** Exercise data follows **
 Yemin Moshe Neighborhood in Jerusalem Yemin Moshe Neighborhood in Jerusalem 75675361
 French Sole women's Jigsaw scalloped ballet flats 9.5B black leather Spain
** End of Exercise data **
** Exercise data follows **
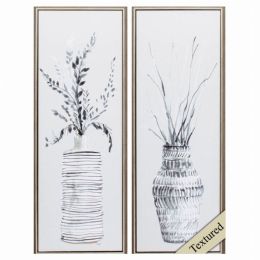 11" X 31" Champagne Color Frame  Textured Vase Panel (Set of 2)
** End of Exercise data **
*Aim of the exercise*
Copy word for word the stretch of entries above from the line that has "Yemin Moshe Neighborhood in Jerusalem Yemin" through the line that has "French Sole women's", both ends included, and nothing outside it.

*Exercise solution*
 Yemin Moshe Neighborhood in Jerusalem Yemin Moshe Neighborhood in Jerusalem 75675361
 French Sole women's Jigsaw scalloped ballet flats 9.5B black leather Spain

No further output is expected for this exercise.